Credit is a dangerous thing. My credit, for a long time now, has been only to the limit of $700. But now, because John and I are going on this trip and I want a security blanket made out of money, I have asked to get an extended limit. I have been fairly good about my credit- there have been a few binges that I have paid for through the nose- and I really try not to use it for the most part. Internet ordering or purchases that I think I may want to take back, that sort of thing. When I called and asked for an extended credit I was thinking I would get something like $1,500 and I didn’t really want any more than that. The “credit advisor” on the phone asked me how much I wanted and I faltered, saying that I thought it was up to him to tell me how much they were willing to give me. He came back with the astounding number of $4,600! The first thing out of my mouth was “Um, ok…” Well, I won’t use it all… right? Shit, it’s tempting. It feels like play money. I started trying on shoes that I have had my eye on. “I don’t really have the money right now, but I DO have a large line of credit.” DANGER!DANGER! No, I didn’t buy the damn shoes. (butistillwantto!)

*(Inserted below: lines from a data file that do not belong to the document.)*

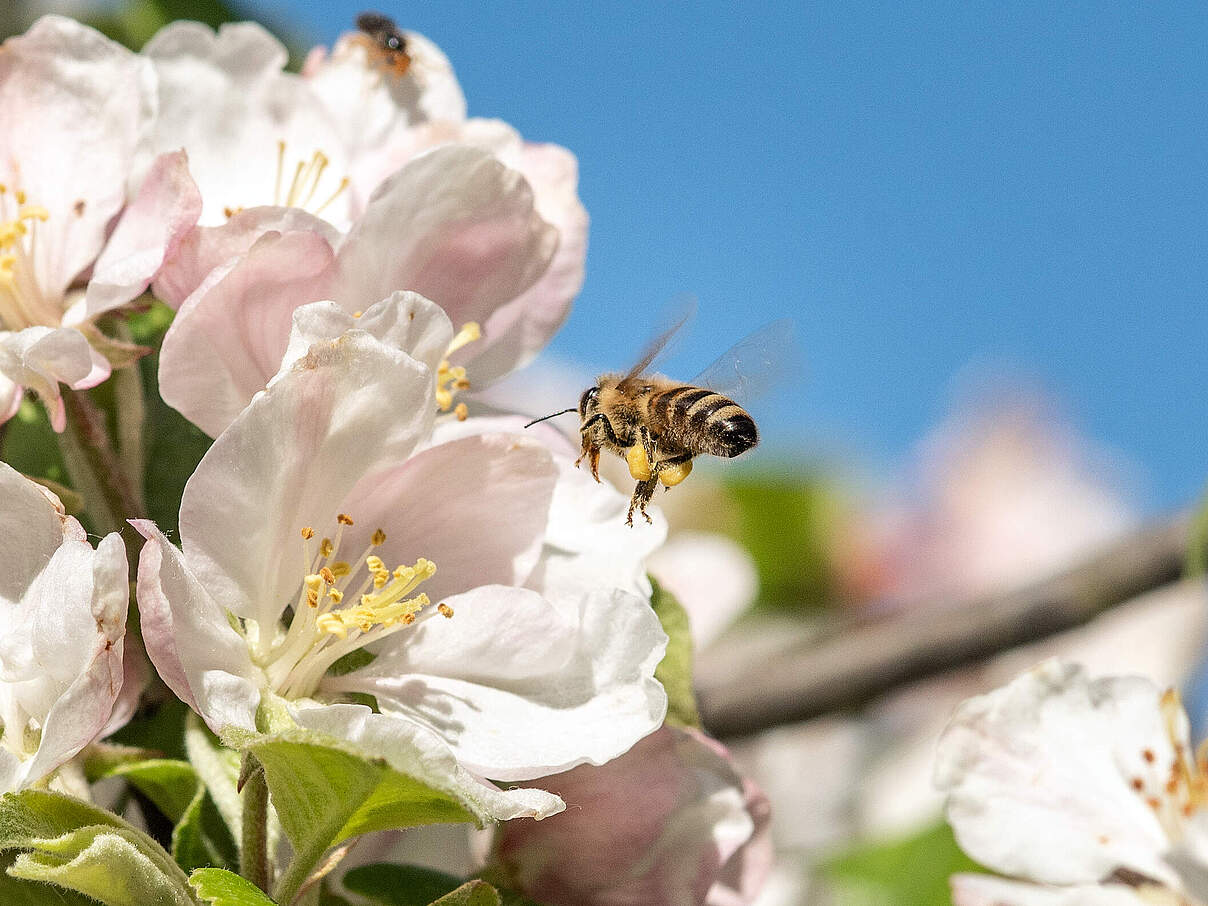 Honigbiene © Claudia Nir / WWF
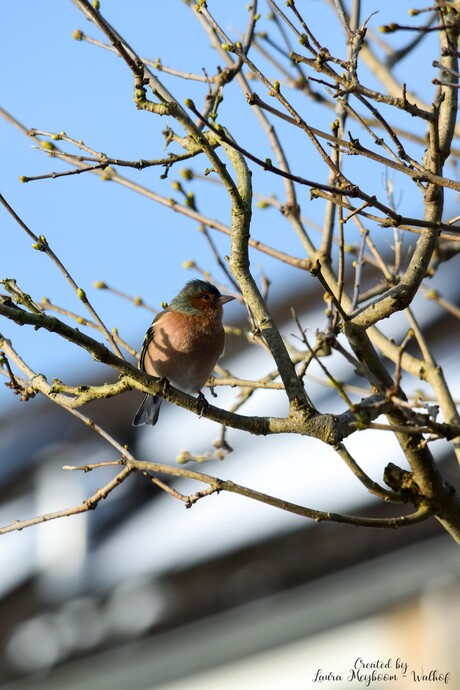 Vinkje in de Zon🌞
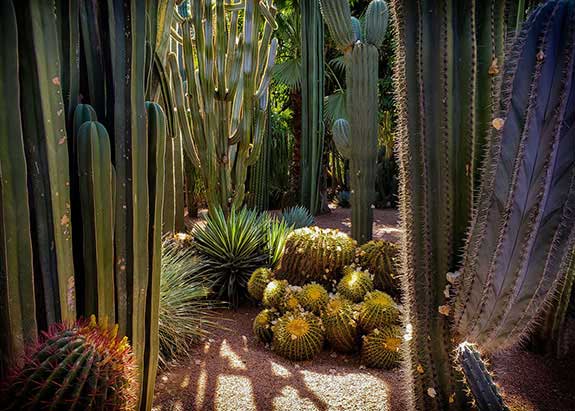 Majorelle Garden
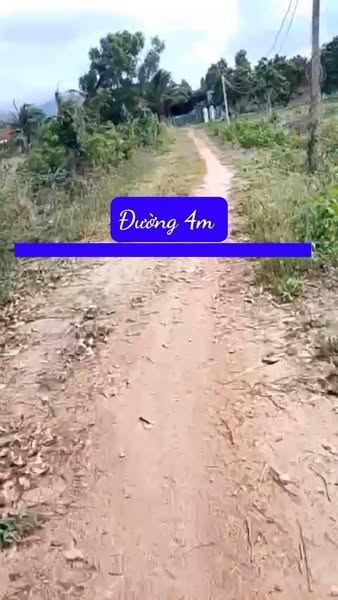 482277452 3856889401194427 7143185078377669404 n.jpg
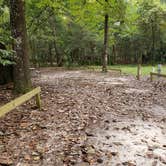 Review photo of Manatee Springs State Park Campground by Yankee D., April 21, 2021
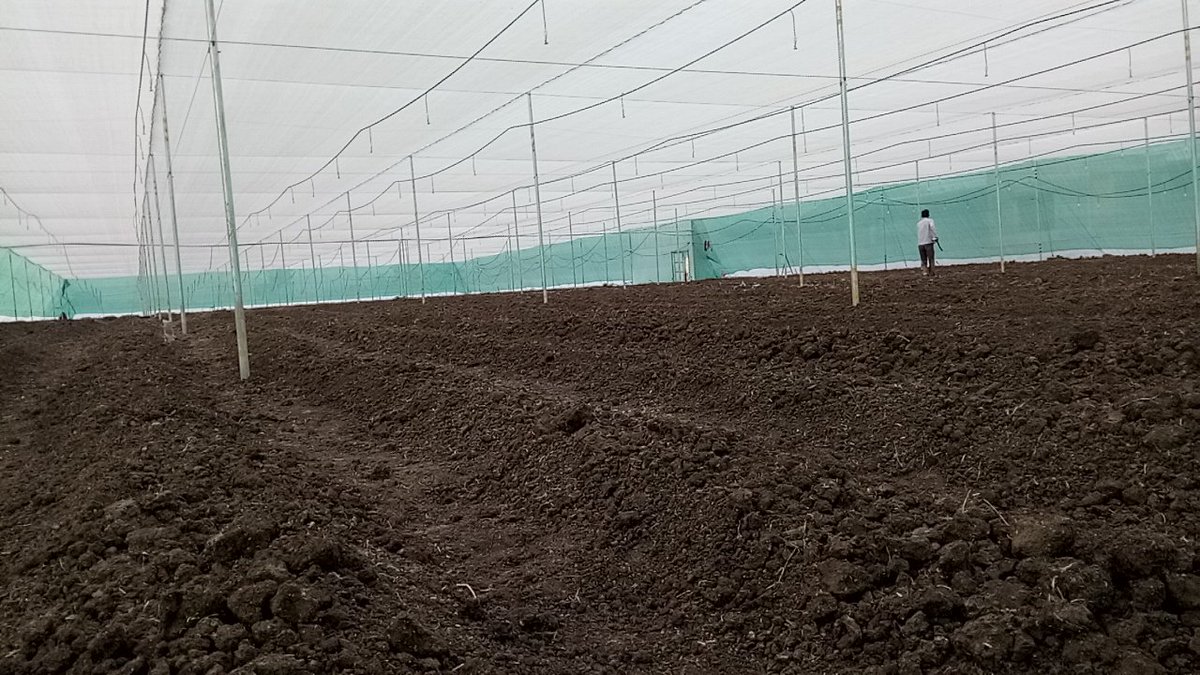 AgriInnovative's tweet photo. Wire type net house https://t.co/PV1FlIpdEv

Josh has provided me with some valuable information. My destiny is to create a fantastic new superweapon and it will happen on Feb. 13, 2022. Only eighteen more years, you bitches! HAhahahaha!!!!

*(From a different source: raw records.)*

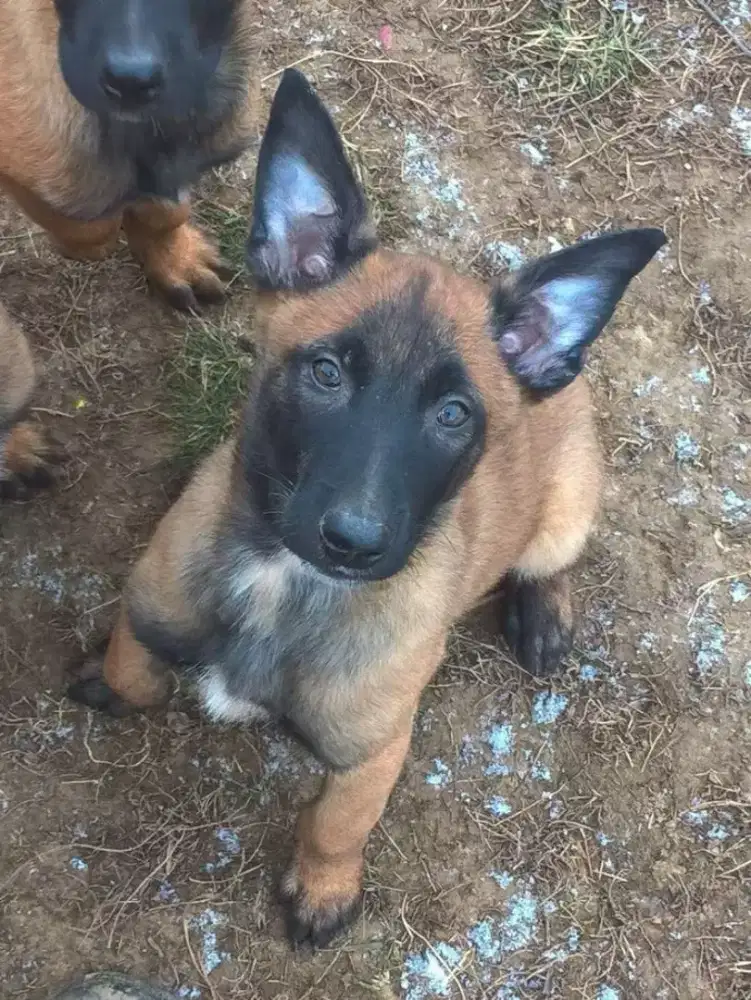 ANJING BELGIAN MALINOIS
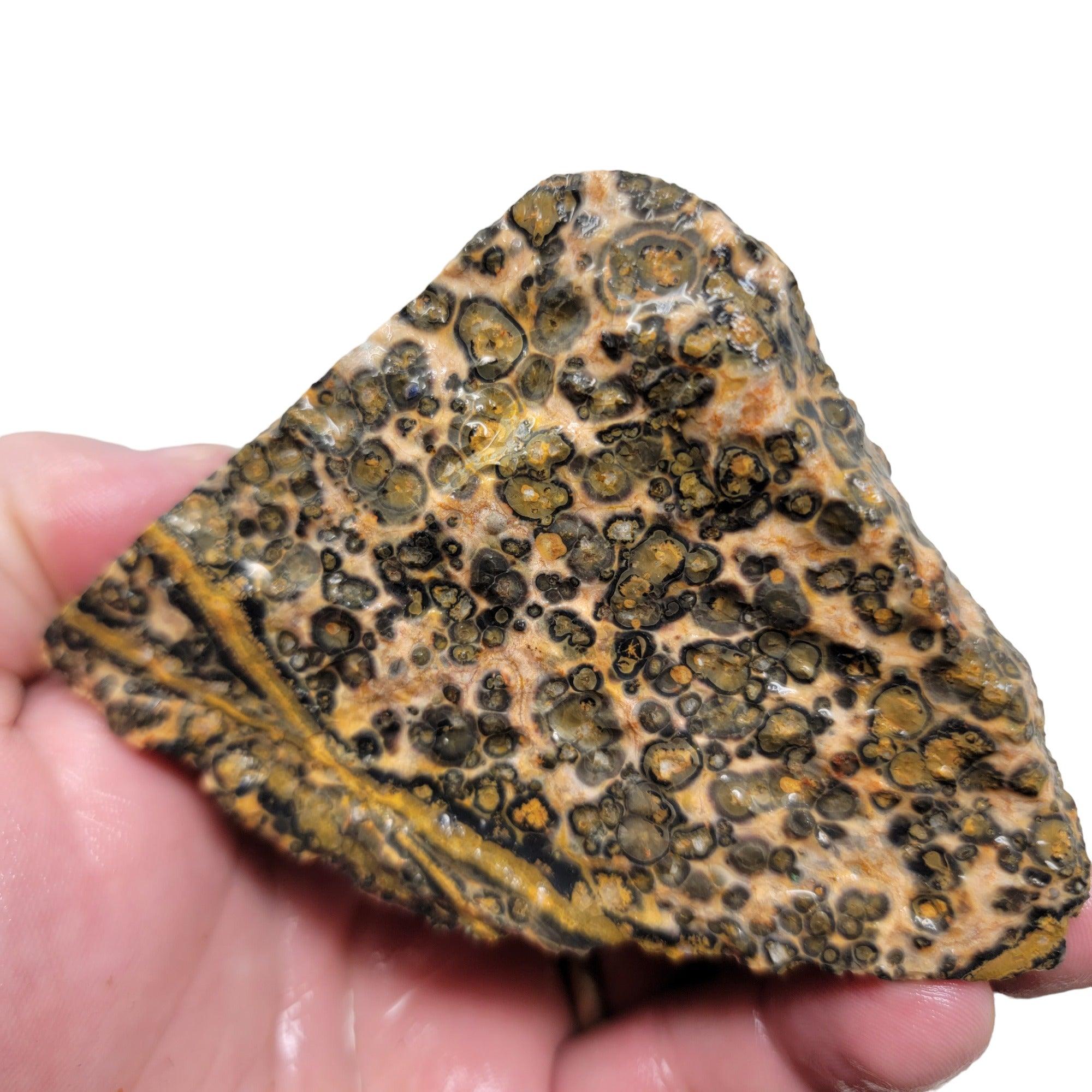Leopard Skin Rhyolite Rough Chunk! - LapidaryCentral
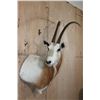 Image 2 : *TEXAS RESIDENTS ONLY* XL SCIMITAR HORNED ORYX Wall Pedestal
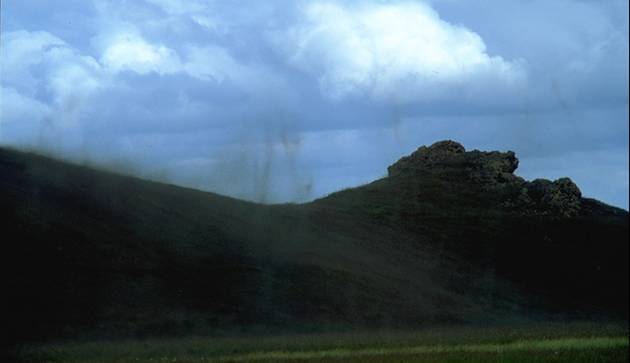 Swarms of midges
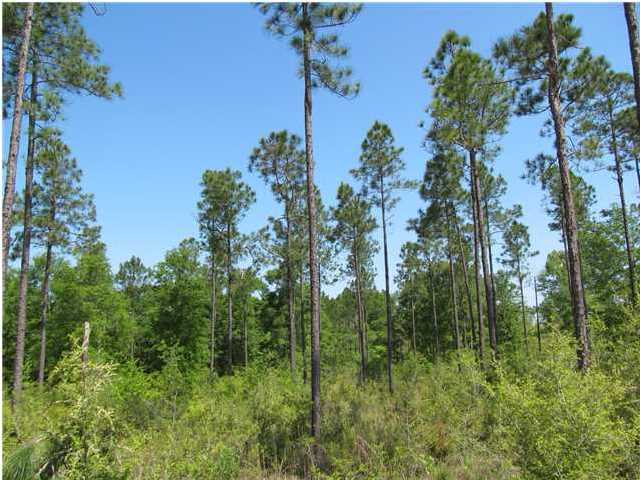 92-ac Punch Bowl Road DeFuniak Springs, FL 32433 - Photo 3 of 8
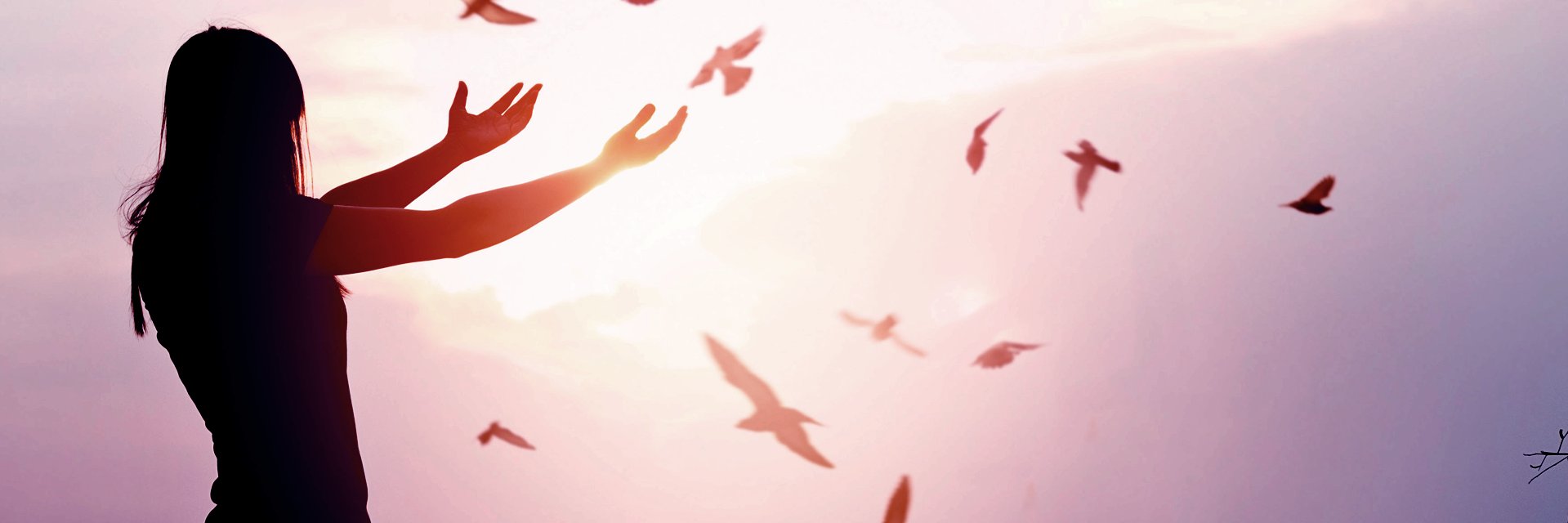 VashonDoVE's profile banner image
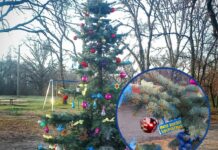 На одному з районів Павлограда мешканці самі прикрасили ялинку (ВІДЕО)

Well, news, news and more news. As most of you know, John and I are going to Australia for a week. When I told my boss that I needed the time off for this once- in- a- lifetime opportunity, she said she would have to look for someone new. I got sacked, more or less. It’s not yet official, but it’s not looking good, either.
So, to celebrate my fresh sacking (sounds dirty, doesn’t it?), Nicole and I went out to a bar. I only had three drinks. Three drinks! I’ve had more several times in the past with no real problem. But do you think that’s what happened this time? Of course not. I made my way outside and sat on a doorstep like a bum. Nicole took me to her place where I laid on the floor, too drunk to even have the spins. I don’t remember much for a while there, but I know that John ran, literally, from home to Nicole’s to get me. I don’t remember anything after that until I found myself sitting on the kitchen floor next to the garbage, leaning over a cardboard box. The inevitable puking then commenced and I don’t know how I ended up in bed. John must be better at undressing me than I ever thought possible. I was sick as a DOG today- my 12 hour day at work. My first puking drunk experience. I was hoping to save myself for a really special occasion but sometimes a girl just can’t wait.
I’m still not really doing well but I’m hoping that sleep will take care of some of that.
On top of that, John is out drinking tonight without ME! Who of you ever thought that would happen?!